Do people have any comments and/or suggestions?

Should I try and get sponsorship from a US employer and then apply for an E3 visa? 

Are there any Aussie lawyers that have experience emigrating to the US? If so, how did you do it? 

Any thoughts on which is best - California, Texas or NY?

Thanks in advance


----------



## MannaPro (Mar 16, 2010)

Well your accent is gonna be a big asset because a lot of Americans are so stupid that they automatically think anyone with an English like accent is smart.


----------



## Fatbrit (May 8, 2008)

allie181 said:


> Hi there,
> 
> I've always wanted to live in the States. I am single. I turn 29 later this year and feel it is a case of now or never. I've also reached a point in my life where I feel bored. I've always played it safe and been the sensible responsible person and feel it is time to stop just thinking and start doing. So, I am contemplating moving to either California, Texas or NY. (Not sure why Texas - I've never been but have always had this obsession with it!)
> 
> ...


Your research is -- as expected -- good. The visa you're after is the E3. You need an employer sponsor.

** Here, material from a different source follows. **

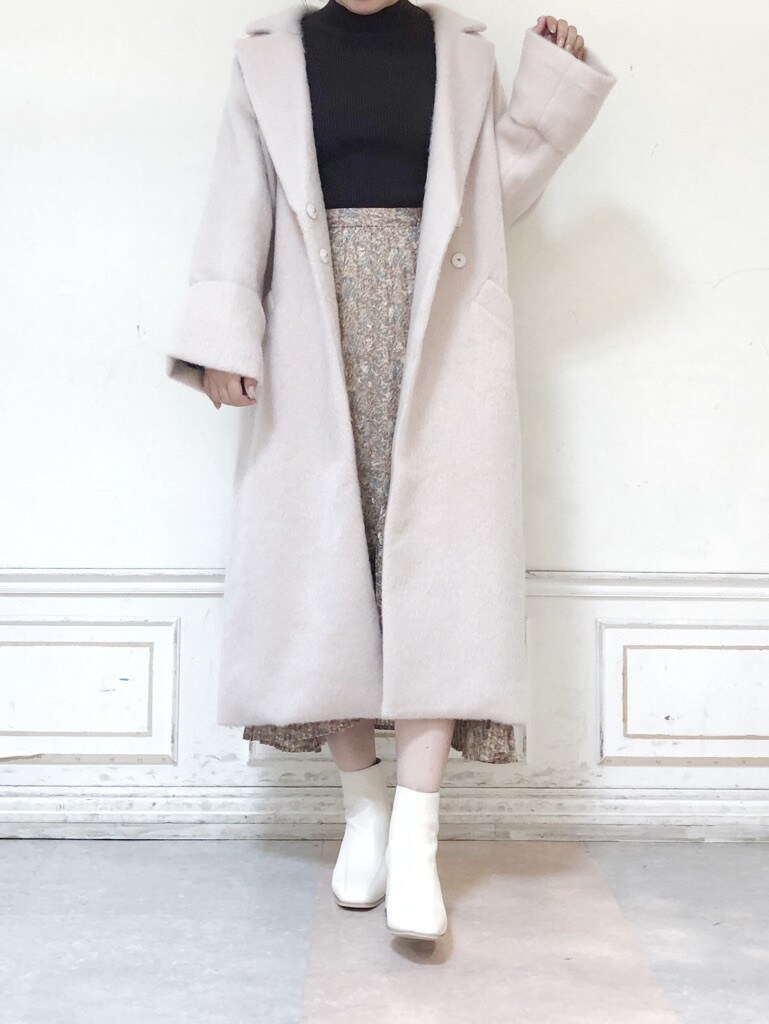 ホワイト系のブーツ、ホワイト系のチェスターコート、ホワイト系のスカートを着用したレディースの秋コーディネートの3枚目の写真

No idea where you could work. Generally speaking, a lot of government jobs will be out for you. Some require you to be a citizen (or at least a permenant resident), and most non-technical ones wouldn't sponsor you anyway.

Wouldn't fix on a place. If your only taker is North Dakota, that's where you're heading if you want to come over.


----------



## Bevdeforges (Nov 16, 2007)

Like fatbrit says, you need to go where the job is. If you can find a job where you are sponsored for a visa, go for it.

Otherwise, you can continue to enter the diversity lottery until your number comes up. It's not a one shot deal (unless they eliminate the lottery altogether).
Cheers,
Bev


----------



## allie181 (Mar 18, 2010)

ok, thanks for the advice


----------



## MannaPro (Mar 16, 2010)

Except- Do not go to North Dakota, lol

Worse than jail


----------